Unangefochtenes Nummer 1-Klischee für einen klassischen Actionfilm: Harte Sprüche.
Wer ein echter Actionheld sein will, muss auch immer einen harten Spruch auf den Lippen haben. Am besten funktioniert der natürlich kurz vorm Ziehen des Abzugs.
"I’ll be back!", und natürlich "Hasta la vista" Arnold Schwarzenegger nutzte seine berühmtesten Sprüche sogar für seinen Wahlkampf zum Gouverneur von Kalifornien.
"Mein Name ist Bond, James Bond." – die gefährlichste Vorstellung der Welt."Geschüttelt, nicht gerührt", so trinkt er seinen Wodka-Martini am liebsten.
"James ich brauche dich." Bond: "England auch!"; "Für England, James?" - Bond: "Nein, für mich!", braver Agent nur nach Bedarf.Echte Agentenattitüde: "Sie sind etwas misstrauisch." Bond: "Lieber etwas misstrauisch als etwas tot!"
Schnell zum Kult wurde "Das ist Sparta" von Gerard Butler in "300". Auch nicht schlecht: Das martialische "Spartiaten, was ist euer Handwerk?" (Videolink)
Eines der größten Sprüchefeuerwerke wurde in "The Rock – Fels der Entscheidung" abgefeuert. Beispiel gefällig?
"Wenn Sie aufsässig sein wollen, wäre ich Ihnen dankbar, wenn Sie das mit ein wenig mehr Respekt tun würden.""Das ist der reinste Wahnsinn, General Sir.

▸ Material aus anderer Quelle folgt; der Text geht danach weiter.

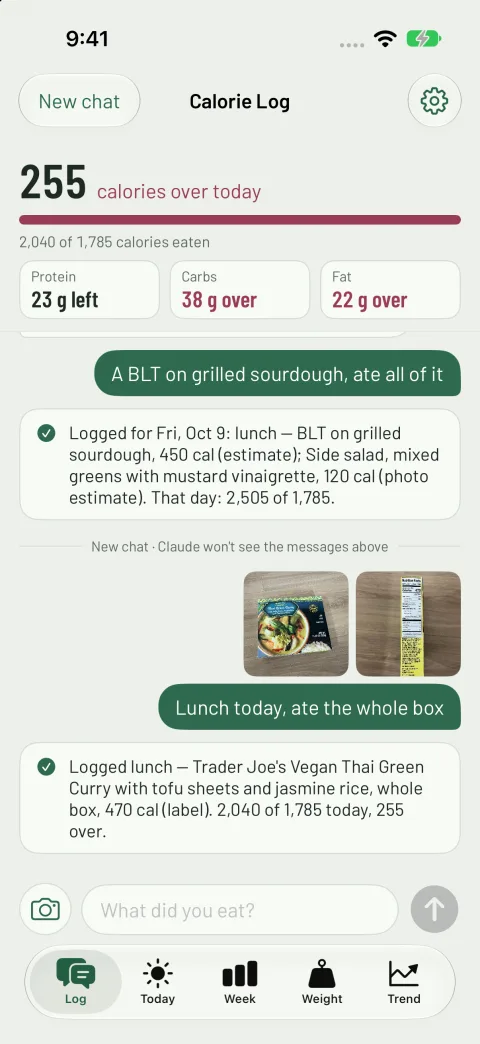 Two photos sent together, the front of a frozen meal box and its Nutrition Facts panel, with "Lunch today, ate the whole box". The app logs it at once: Trader Joe's Vegan Thai Green Curry, 470 cal (label), 255 calories over for the day.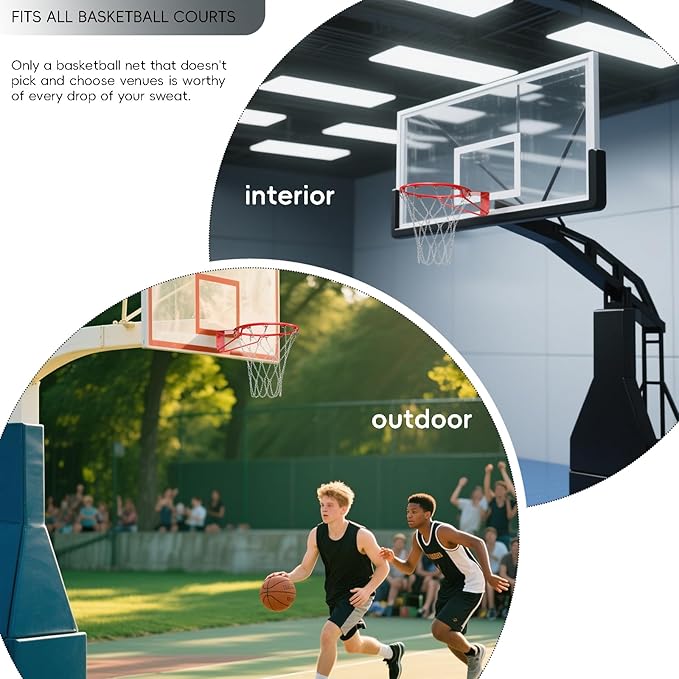 Basketball Net, Stainless Steel Braided Chain Heavy Duty, Standard Basketball Net (12 Links), Quick Installation. Suitable for Indoor and Outdoor Climates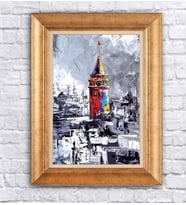 Altın Varaklı  Çerçeveli Paspartulu Tablo ndd1344 (Gold)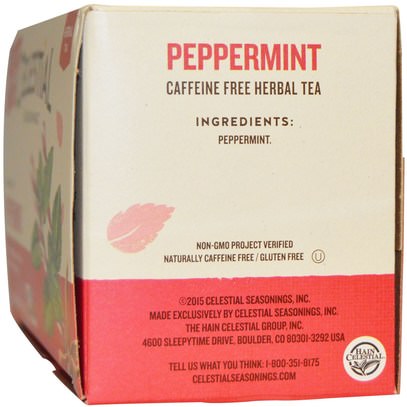 التوابل السماوية، والغذاء، والشاي النعناع Celestial Seasonings, Herbal Tea, Peppermint, Caffeine Free, 20 Tea Bags, 1.1 oz (32 g)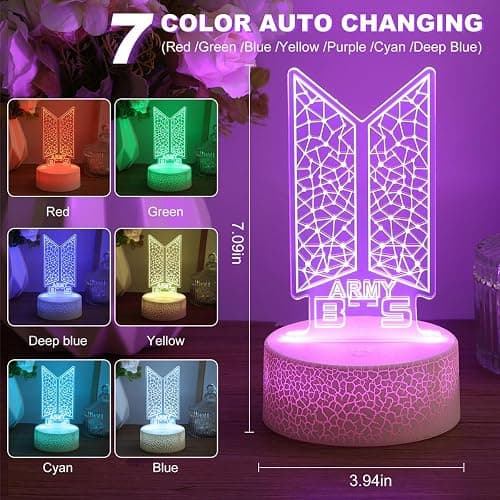 Bangtan Boys 7 Colors LED Acrylic Night Light Bedside Lamps Bedroom Home Room Decoration for Army Fans Gifts thumbnail 2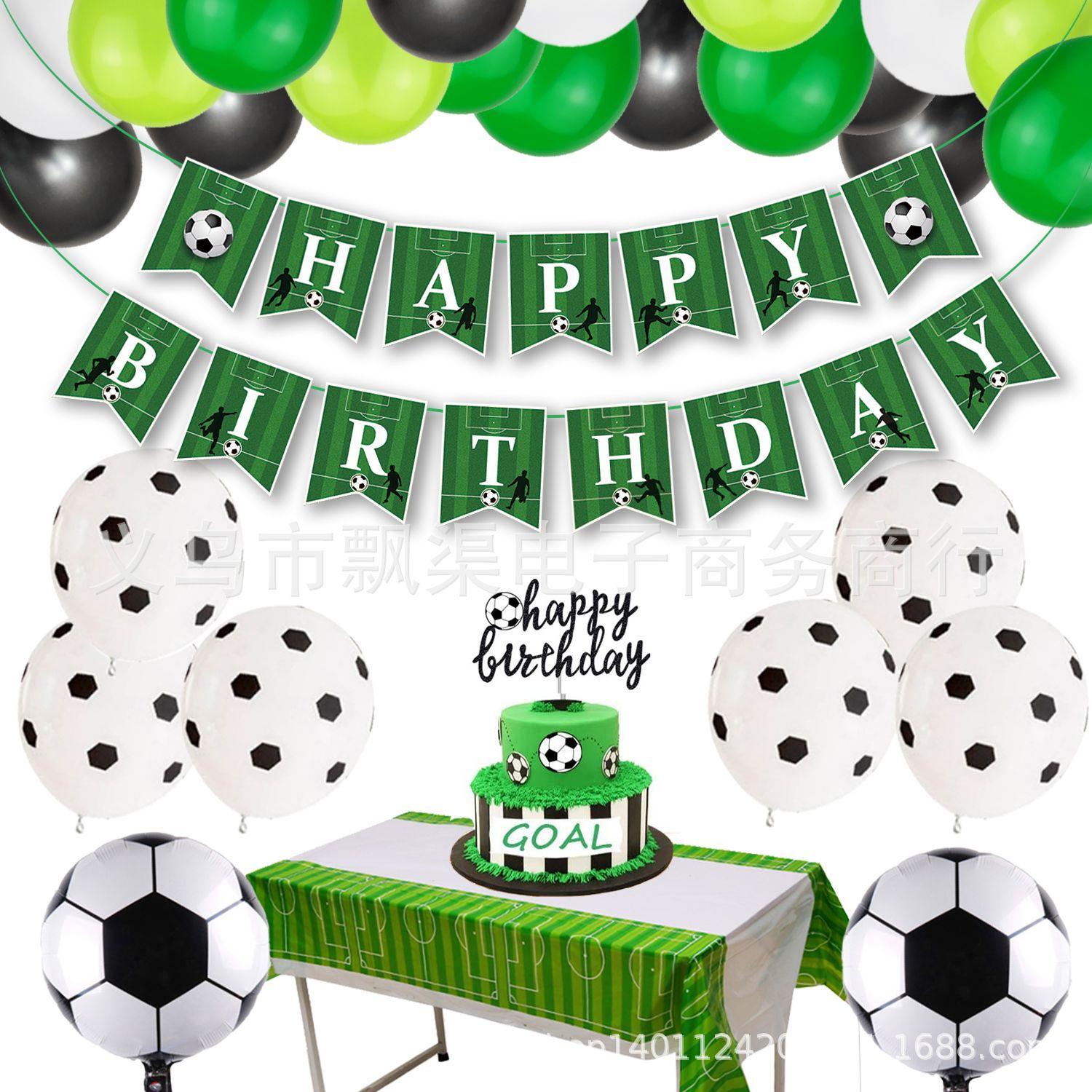

Football Birthday Balloon Theme Decoration Set, Football Flag Birthday Banner Party Background Green Balloon Chain Football Party Tablecloth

Ich persönlich halte Sie für einen verfluchten Idioten!"
"Yippie Ya Yeah Schweinebacke", im englischen Original deutlich ruppiger "Yippie Kay Yay, Motherfucker!" Dieser Kultspruch setzt der "Stirb langsam"-Reihe die Krone auf und macht Bruce Willis unserer Meinung nach zum coolsten Actionhelden der 90er.
Groß im Austeilen: Steven Seagals Sprüche stehen seinen Schlägen in Sachen Härte um nichts nach.
In "Driven to Kill" (2009) fragt ihn Tanya: "Oh mein Gott, woher wusstest Du das?" - "Ich wusste es nicht. Der Trick war, dass es mir egal war." ("The trick was just not to give a fuck")"Wenn du Fehler machst, hast du das von deiner Mutter, wenn du alles richtig machst, hast du das von mir." In "The Patriot" (1999)
1991 brachte es Bruce Willis in "Last Boy Scout" auf den Punkt "Wir leben in den Neunzigern, du kannst nicht einfach jemandem ins Gesicht schlagen, du musst vorher was Cooles sagen."